Nella politica economica c’erano poche certezze: se hai un bisogno disperato di soldi, puoi sempre aumentare le tasse sulle sigarette, i produttori alzeranno un po’ i prezzi, i fumatori protesteranno ma continueranno a fumare. Ma non è più così semplice: a inizio 2017 il ministero del Tesoro si aspettava di incassare 11,05 miliardi di euro dalle “imposte sul consumo dei tabacchi”. Poi, per correggere in corsa i conti dell’anno, nella “manovrina” di primavera ha previsto un piccolo inasprimento fiscale che doveva portare altri 85 milioni. E invece il Senato ha appena votato l’assestamento, cioè una correzione tecnica dei conti dell’anno in corso, in cui la previsione di incassi dalle tasse sulle sigarette scende di un miliardo secco, da 11,05 a 10,05 miliardi. I calcoli interni all’Agenzia dei monopoli, che raccoglie le accise per conto del Tesoro, dicono che la differenza potrebbe rivelarsi minore, alla fine, ma comunque superiore ai 500 milioni.
Anche le sigarette elettroniche sono un (prevedibile) disastro: i consumatori sono scesi dai 2 milioni del 2013 ai 500.000 del 2015, ma comunque a inizio anno il Tesoro aveva previsto un gettito fiscale dal settore di 5 milioni di euro e invece ora la stima scende a soli 3 milioni. Il tracollo delle sigarette elettroniche non stupisce, tra evasione fiscale diffusa nel settore, scarsa convinzione dei consumatori e arrivo di nuove tecnologie come il tabacco scaldato dell’iQuos di Philip Morris. Ma sono pochi spiccioli. Una revisione al ribasso così netta sul settore delle sigarette tradizionali è una novità rilevante. Anche se il Tesoro continua ad attendersi incassi ottimistici per i prossimi anni, 11,4 miliardi nel 2018 e 11.7 nel 2019, nonostante il mercato sia in calo, quest’anno, di circa il 2 per cento (previsioni che saranno riviste nella legge di Stabilità).

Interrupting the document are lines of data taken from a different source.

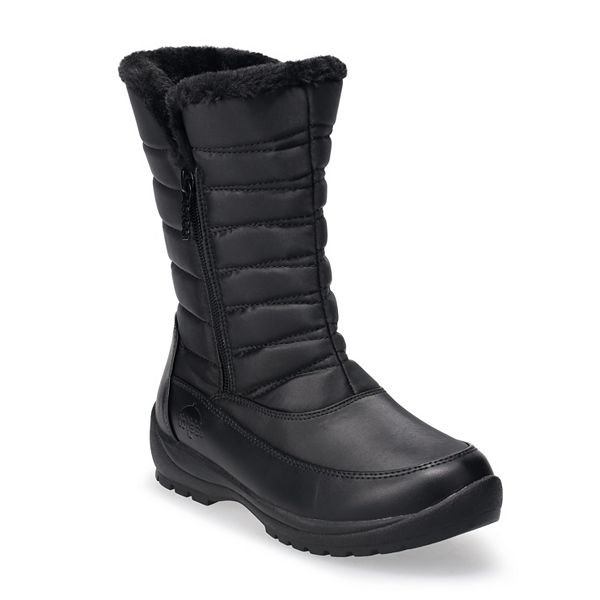 Totes black 2025 snow boots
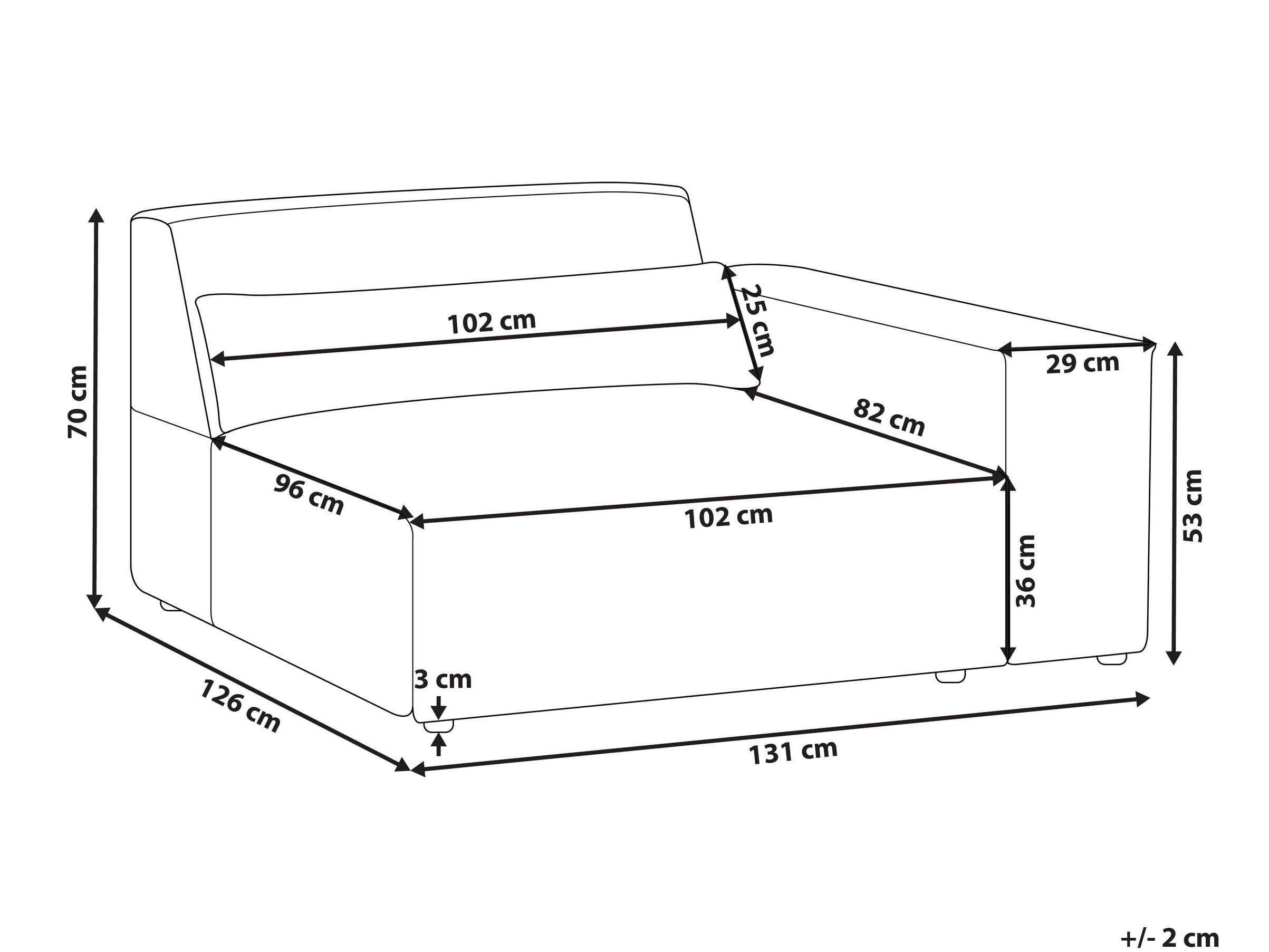 Модулен фотьойл Tivsora 105 (Светло бежово)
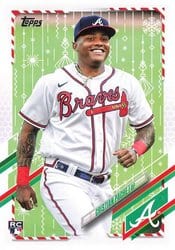 2021 Topps Holiday Base Set Cristian Pache #HW20 card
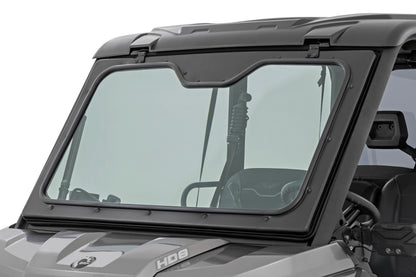 Rough Country Electric Tilt Glass Windshield for Can-Am Defender HD8/HD9/HD10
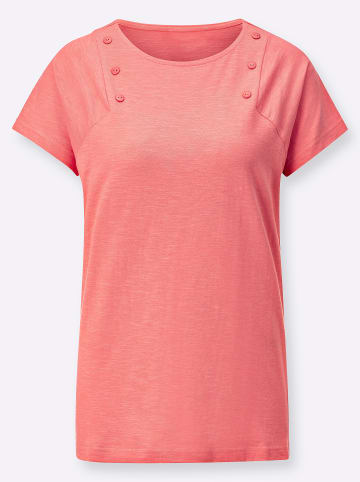 WITT WEIDEN Kurzarmshirt in koralle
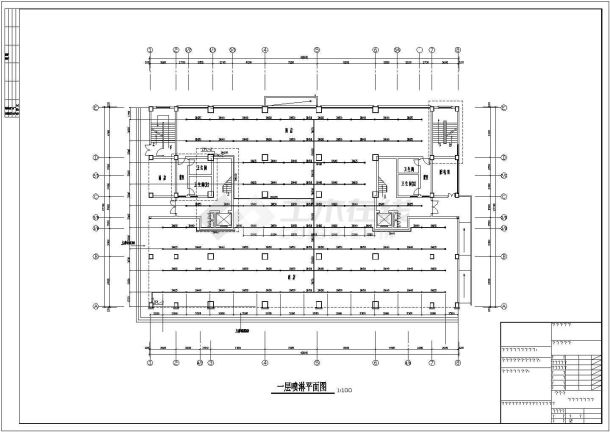 高层商住楼标准给排水系统设计施工图（带泵房）-图二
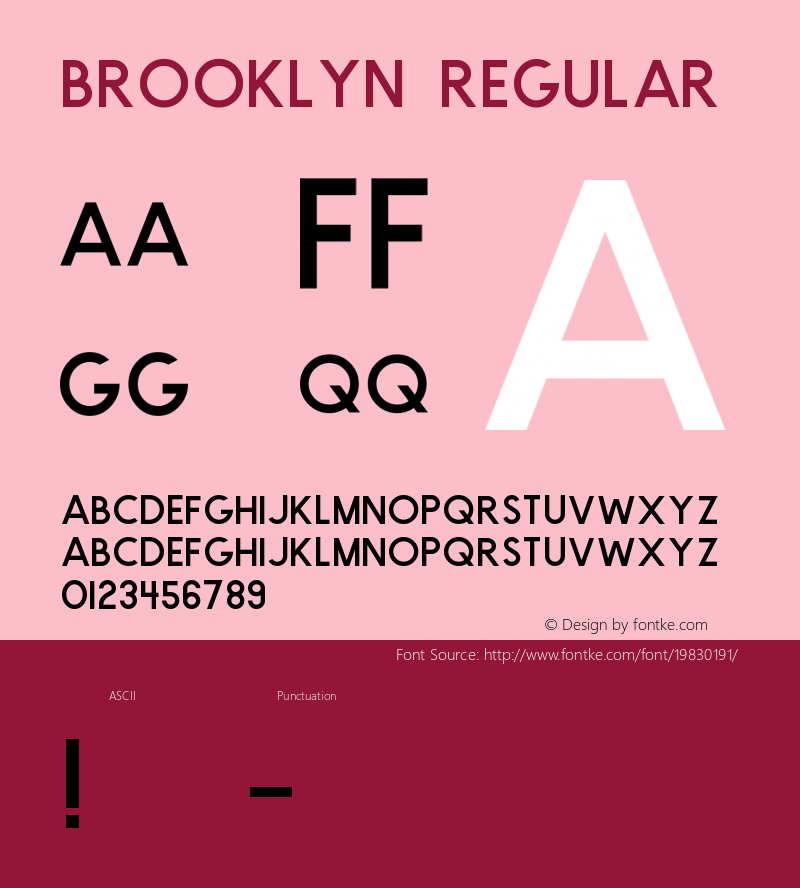Brooklyn Regular Version 1.000;PS 001.000;hotconv 1.0.88;makeotf.lib2.5.64775 Font Sample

Quello del tabacco è un settore delicato: da tempo i grandi gruppi hanno messo in conto che il loro destino è affrontare aumenti del carico fiscale, calo della domanda e crescenti limiti al fumo negli spazi pubblici. Per questo stanno cercando, oltre a limitare i danni, di spostarsi su prodotti che mantengano la dipendenza ma siano meno tassati e più fruibili. Dal punto di vista dello Stato, alzare le tasse in modo troppo brusco o eccessivo rischia di far crollare il gettito, se crollano i consumi o se migrano verso il contrabbando.
Nel 2015 è cambiata la struttura delle accise che gravano sul pacchetto di sigarette, poi alzate con la “manovrina” 2017: aliquota base è passata dal 58,7 al 59,1 per cento, quella “specifica” cioè per unità di prodotto è salita dello 0,5 al 10,5 per cento, aumento di 5 euro per l’onere fiscale minimo sulle sigarette che passa da 170 euro al chilo a 175,54 euro. “Un tale intervento, incrementando l’incidenza fiscale sui prodotti di prezzo basso, non sembra rispondere alle finalità originarie della riforma che doveva tracciare un percorso di crescita bilanciata e sostenibile del carico fiscale”, notano tre economisti (Marco Spallone, Stefano Marzioni, Alessandro Pandimiglio) in uno studio coordinato dal centro Casmef della Luiss e sostenuto da British American Tobacco, uno dei gruppi colpiti dalla riforma perché opera nei segmenti a basso prezzo. Il Tesoro si aspettava che i produttori trasferissero le nuove tasse in aumenti del prezzo. Ma non è successo, a differenza di quello che si era osservato negli ultimi anni: nel 2015, per esempio, l’anno della riforma del settore, il mercato era calato dello 0,8 per cento, le accise aumentate del 2,9 e i prezzi del 3,3 per cento.
I produttori di fascia alta hanno una domanda abbastanza rigida e sono più liberi di decidere se alzare i prezzi o meno, quelli che offrono marchi più economici hanno ormai riscontrato che trasferire le nuove tasse sui consumatori finisce per causare più danno che beneficio, visto che si perdono clienti. Usare le sigarette come bancomat, per il Tesoro, rischia di essere sempre più difficile.